Exercise aim :: Omit all pictures. Quote the lines from the one with "1020 Country Club" through the end of the listing below, exactly as they appear.

Stored data ::

════════════════════

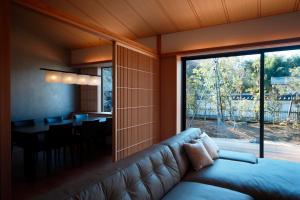 Μια τηλεόραση ή/και κέντρο ψυχαγωγίας στο Aoi Suites at Nanzenji Modern & Traditional Japanese Style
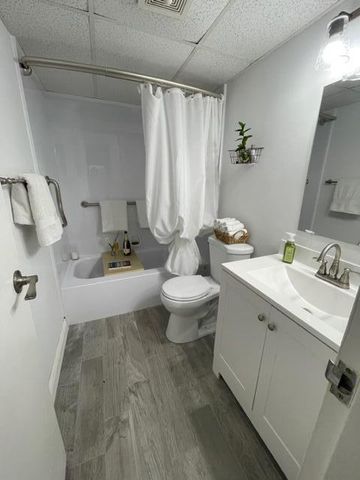 1020 Country Club Drive 406, Margate, FL 33063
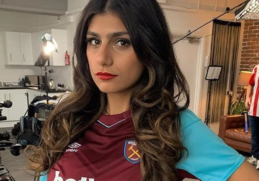 Mia Khalifa SHOWS EVERYTHING in hot miniskirt to say goodbye to her singleness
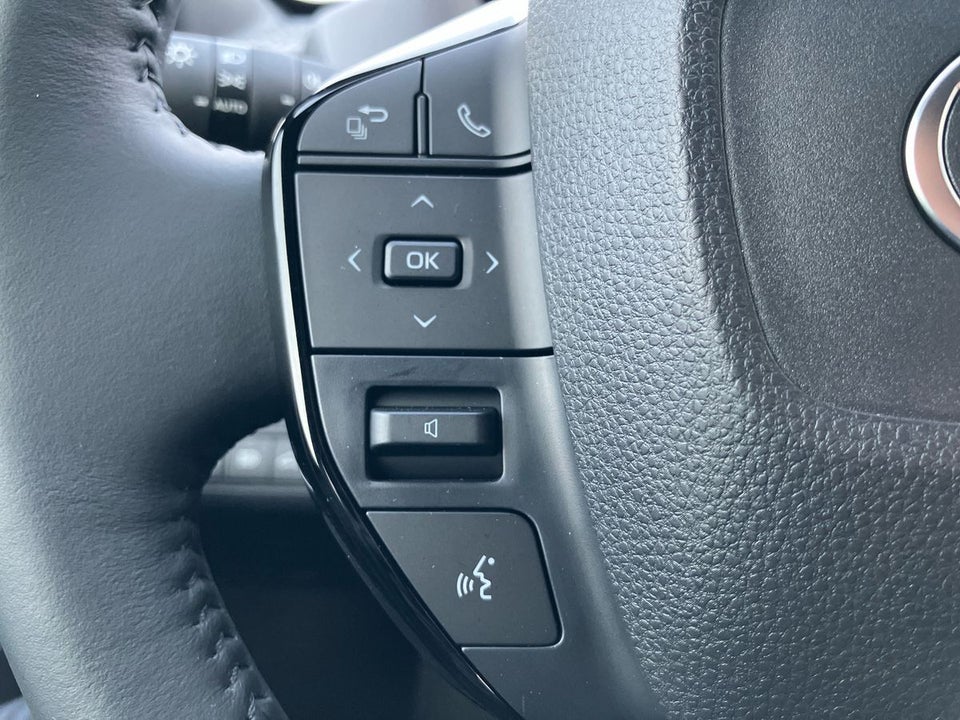 Toyota bZ4X Executive 5d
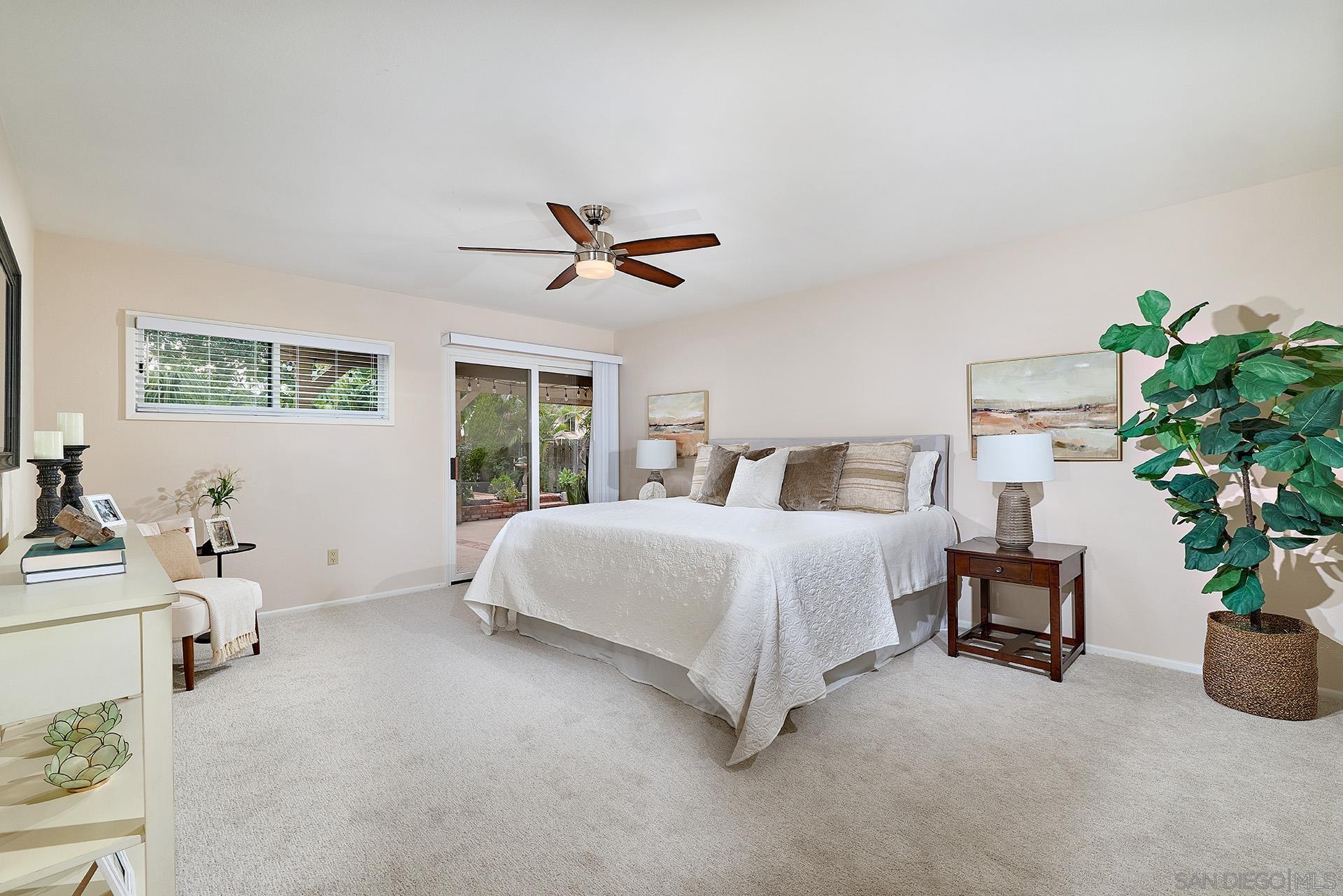 Detail Gallery Image 11 of 54 For 7627  Reposado Dr, Carlsbad,  CA 92009 - 5 Beds | 3 Baths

════════════════════

Result below ::
 1020 Country Club Drive 406, Margate, FL 33063
 Mia Khalifa SHOWS EVERYTHING in hot miniskirt to say goodbye to her singleness
 Toyota bZ4X Executive 5d
 Detail Gallery Image 11 of 54 For 7627  Reposado Dr, Carlsbad,  CA 92009 - 5 Beds | 3 Baths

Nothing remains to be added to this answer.